Huilbaby’s zijn voor ouders een gekmakend probleem. Begrijpelijk dat de druk op de arts om iets te doen alleen maar groter wordt. Toch is onze belangrijkste boodschap geruststelling, als er geen sprake is van een organische oorzaak. We kunnen laten zien dat het natuurlijke beloop van overdadig huilen van een baby gunstig is, dat het na vier maanden weer verdwijnt. Dat je daar als ouder doorheen moet. Maar op het moment dat de ouder denkt dat hij of zij het kind wat gaat aandoen, roep dan de hulp van een arts in. Zes weken is de piek van kindermishandeling bij deze groep kinderen. De dokter moet dit herkennen en het kind dan voor een korte tijd opnemen in het ziekenhuis. Op dat moment wordt de interactie tussen kind en de ouders beter. Die kunnen dan weer slapen en tot rust komen. Met een opname, de geruststelling en de verbetering van de interactie tussen ouder en kind, kunnen we het meest voor de ouders betekenen. Dat is de belangrijkste boodschap.

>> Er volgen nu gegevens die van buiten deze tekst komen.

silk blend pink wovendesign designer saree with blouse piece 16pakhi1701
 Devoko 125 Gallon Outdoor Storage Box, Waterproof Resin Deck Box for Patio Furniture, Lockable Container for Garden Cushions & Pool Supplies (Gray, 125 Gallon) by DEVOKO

Is het zoeken naar een medische oorzaak dan nog nodig?

We moeten altijd naar de ouders luisteren, de baby onderzoeken en bijvoorbeeld de urine nakijken op infectie, dat is heel belangrijk, maar al het onderzoek laat zien dat er in minder dan 5 % van de gevallen iets fysieks aan de hand is. Je moet ouders dus gerust zien te stellen en tijd kopen, aangezien het huilen in de meeste gevallen vanzelf weer overgaat. Dokters kopen nu vaak tijd door een medicijn te geven, maar wetenschappelijk gezien is er geen reden voor. Je moet als arts heel sterk in je schoenen staan om niets te doen.